WORK INSTRUCTION
Please set down exactly the lines from the one containing "FILA Pullover 1/4" through the last line of the records below, both included, with no pictures.
Start of Block
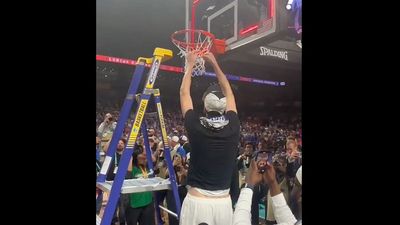 Florida's 7'9" Center Olivier Rioux Cut Down Net Without a Ladder One Last Time
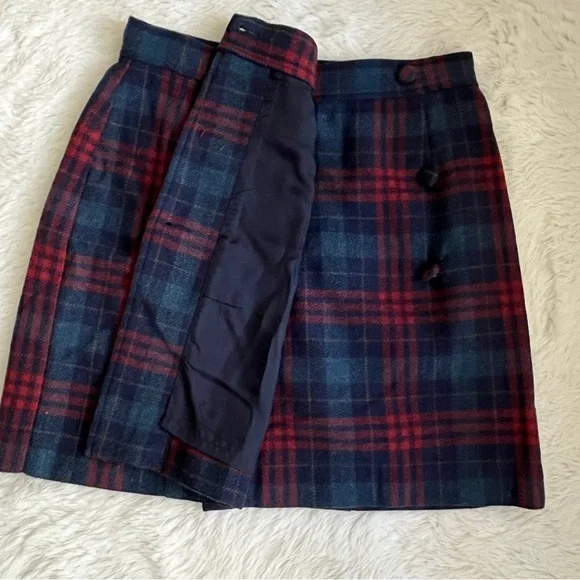 VINTAGE (1996) GAP Blue and Red Plaid Wool Mini Skirt - Picture 5 of 9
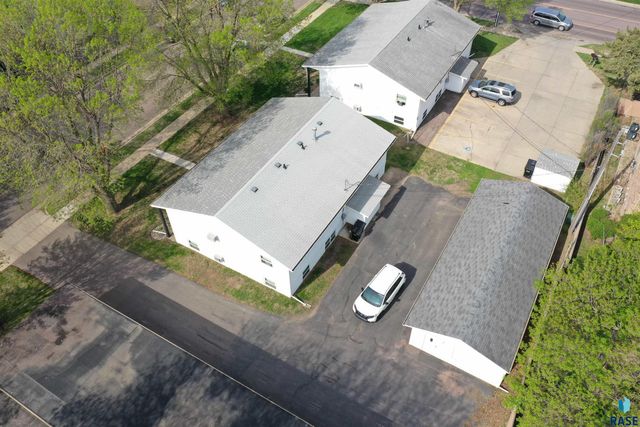 5208 W 47th St Street, Sioux Falls, SD 57106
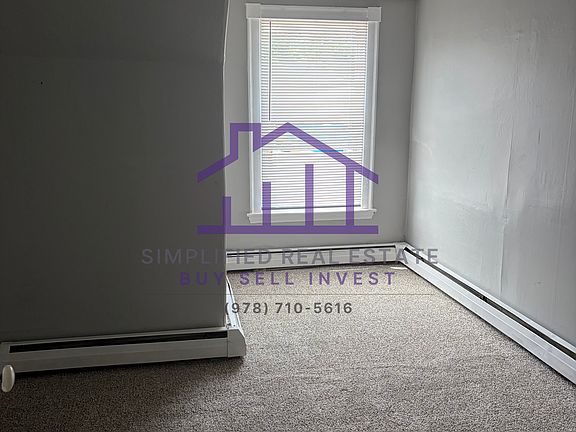 4th image of 52 Main St APT 4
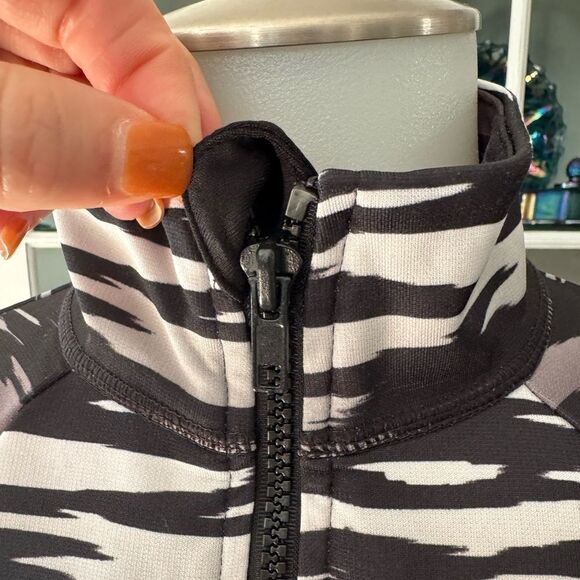 FILA Pullover 1/4 Zip Sportswear Size Small Black Gray Purple - Picture 4 of 10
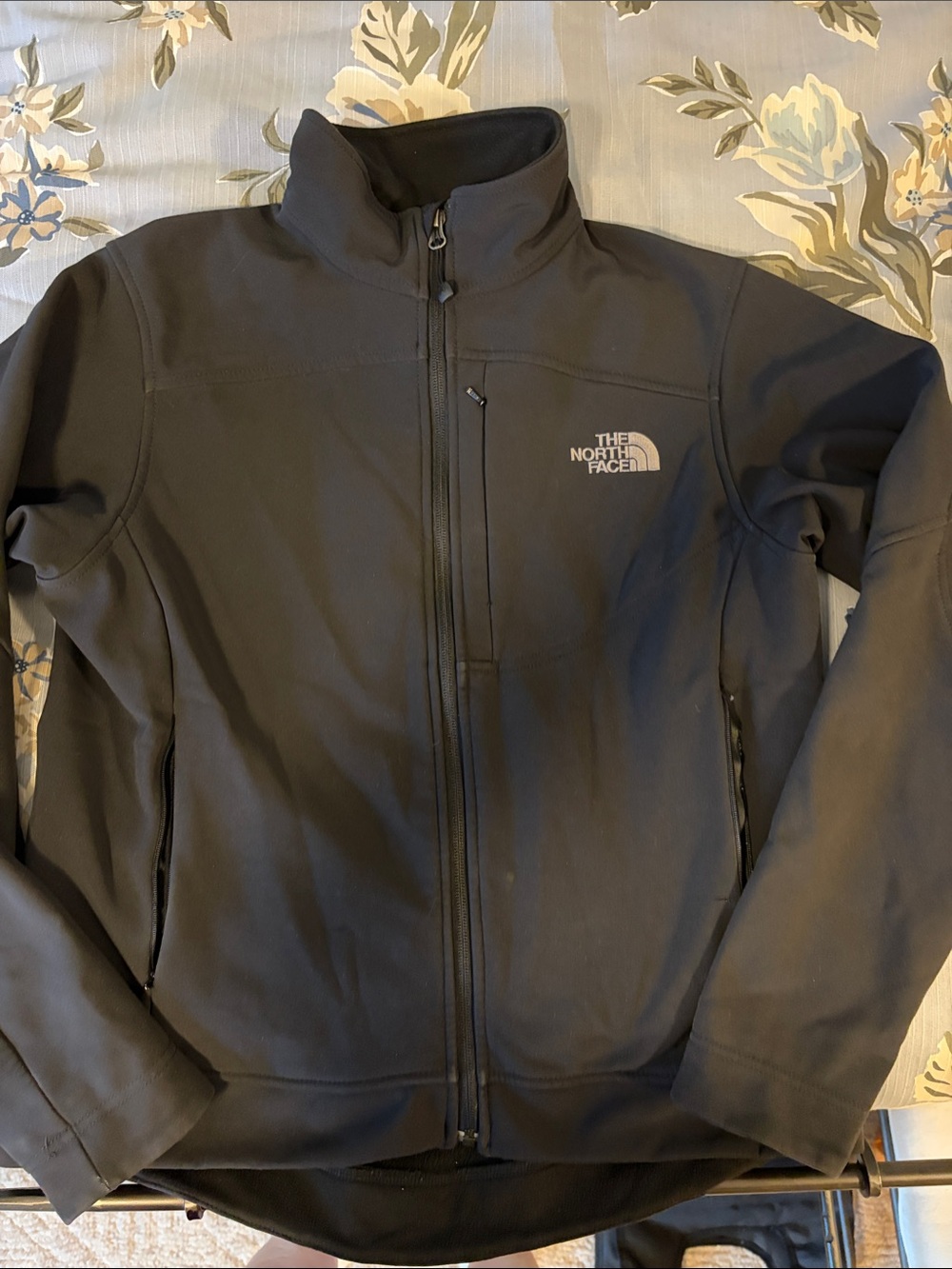 The North Face Black Full-Zip Women’s Med Softshell Jacket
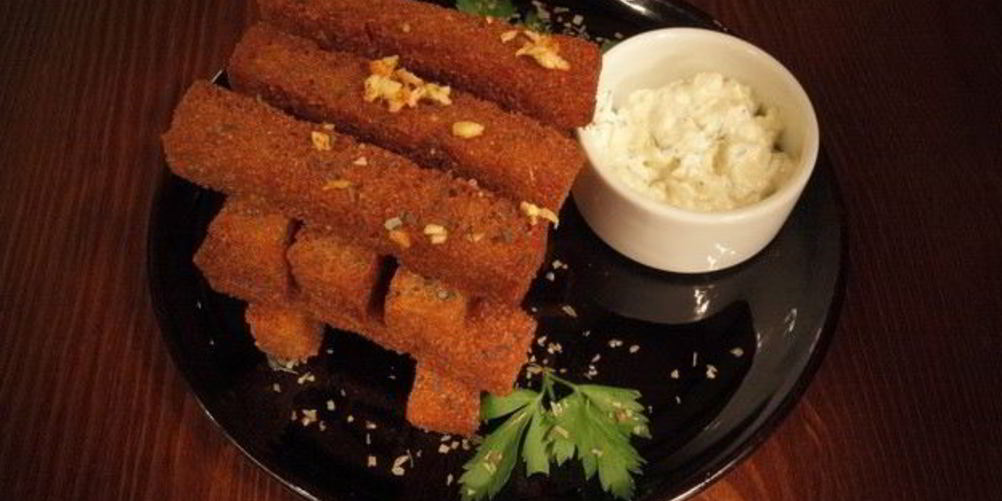 Как приготовить чесночные гренки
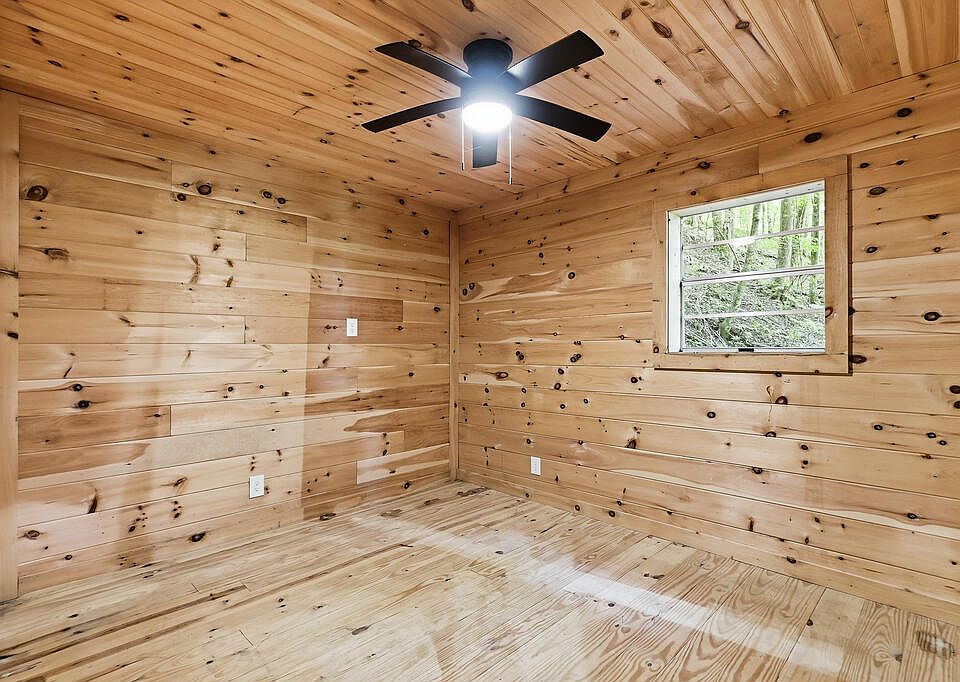 10th image of 225 Coys Cove Ln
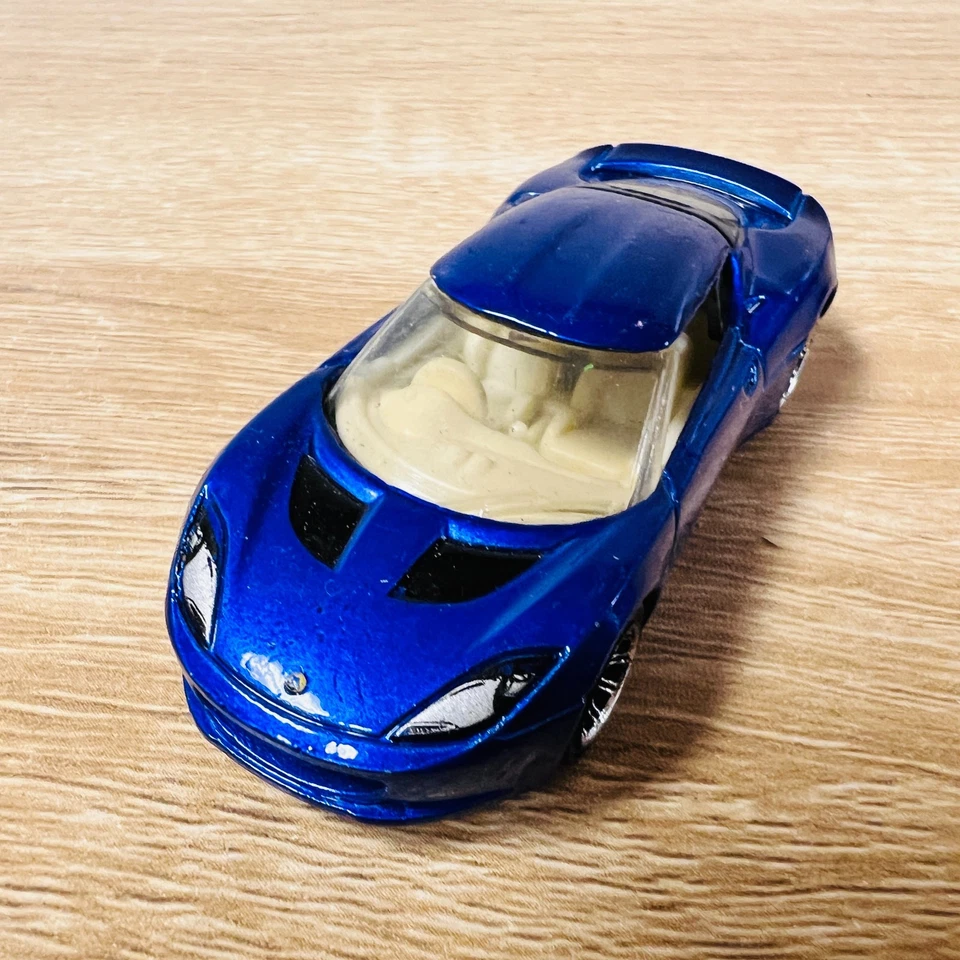 Matchbox MB750 2008 Lotus Evora Blue 2009 Sports Cars 2/13 White Interior - Image 2 of 4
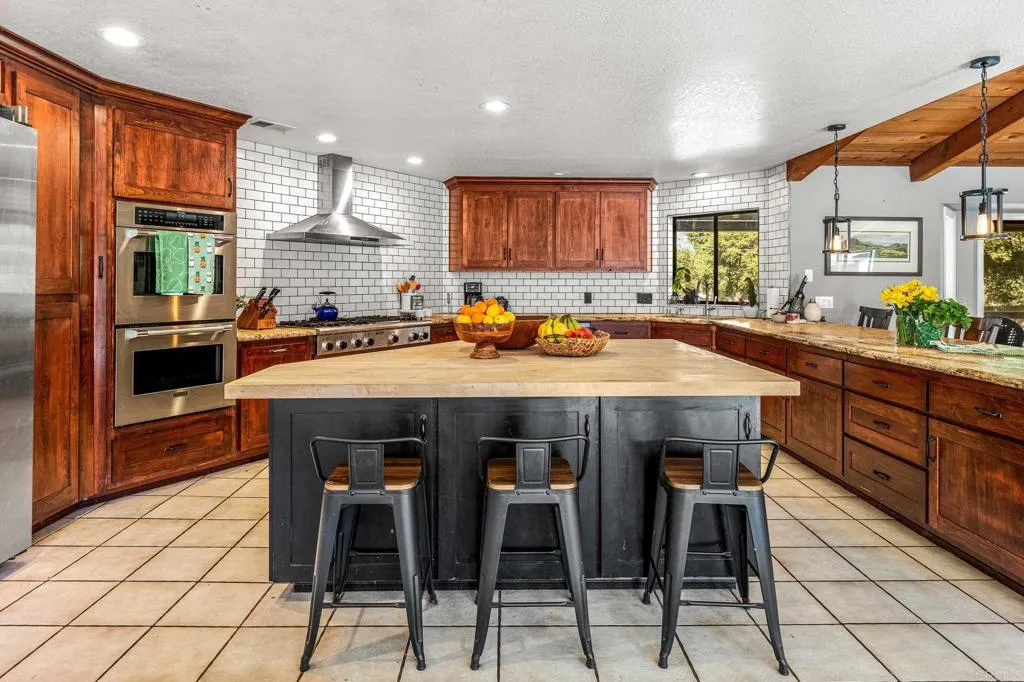 https://cdn.realtyfeed.com/cdn/127/306392429/9a582b1d68409bdf7a4e45c926ac1eee.webp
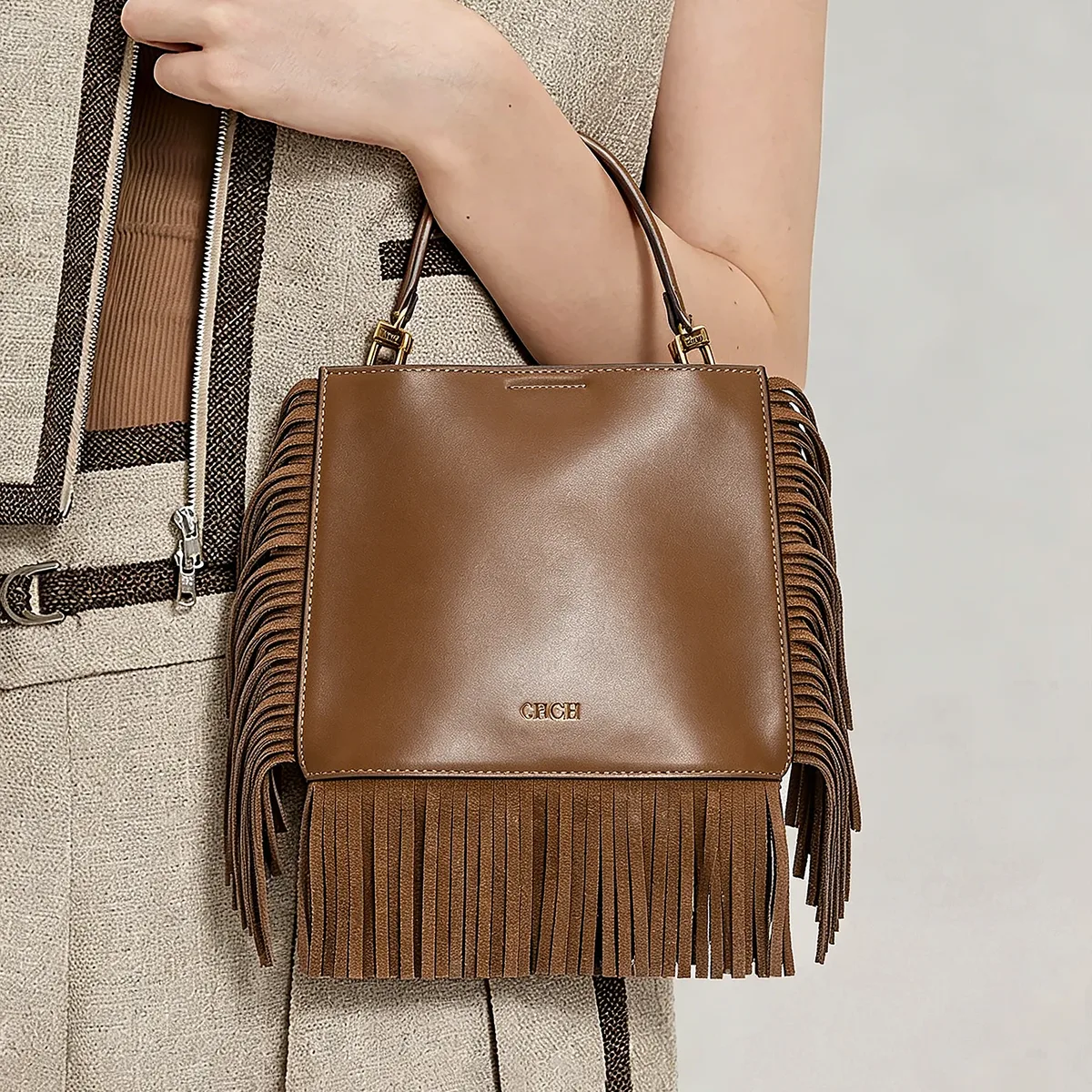 sac à main chch pour femme, nouvelle collection été 2026, sac rétro à pompons, sac de téléphone couleur chocolat 19*0.45*18cm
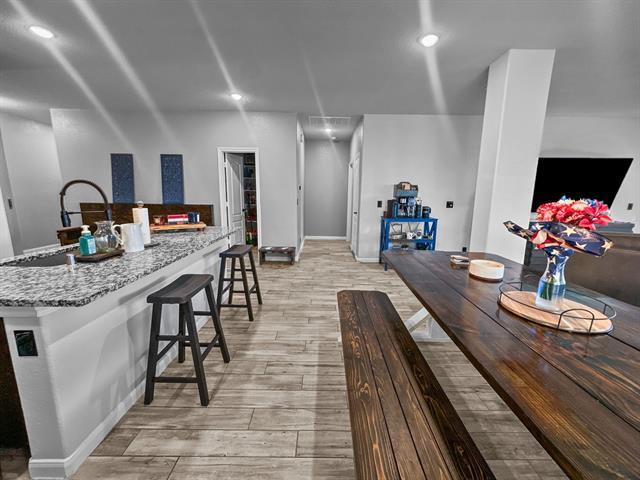 Foto del edificio - 1120 Kingbird Ln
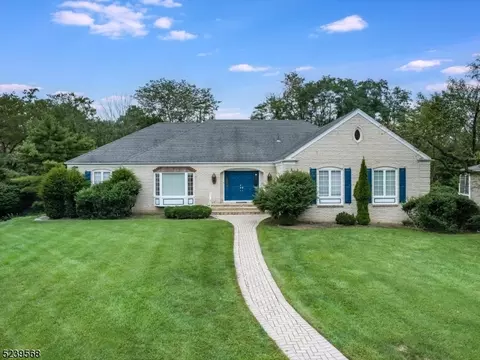 415 Long Hill Dr, Millburn Twp, NJ 07078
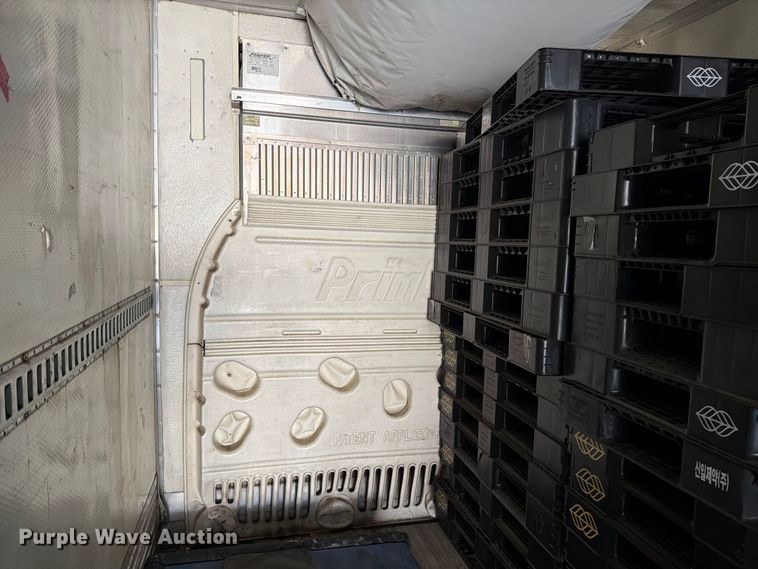 image for item YA2478 2004 Utility VS2RA refrigerated van trailer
End of Block
RESPONSE TO THE EXERCISE
 FILA Pullover 1/4 Zip Sportswear Size Small Black Gray Purple - Picture 4 of 10
 The North Face Black Full-Zip Women’s Med Softshell Jacket
 Как приготовить чесночные гренки
 10th image of 225 Coys Cove Ln
 Matchbox MB750 2008 Lotus Evora Blue 2009 Sports Cars 2/13 White Interior - Image 2 of 4
 https://cdn.realtyfeed.com/cdn/127/306392429/9a582b1d68409bdf7a4e45c926ac1eee.webp
 sac à main chch pour femme, nouvelle collection été 2026, sac rétro à pompons, sac de téléphone couleur chocolat 19*0.45*18cm
 Foto del edificio - 1120 Kingbird Ln
 415 Long Hill Dr, Millburn Twp, NJ 07078
 image for item YA2478 2004 Utility VS2RA refrigerated van trailer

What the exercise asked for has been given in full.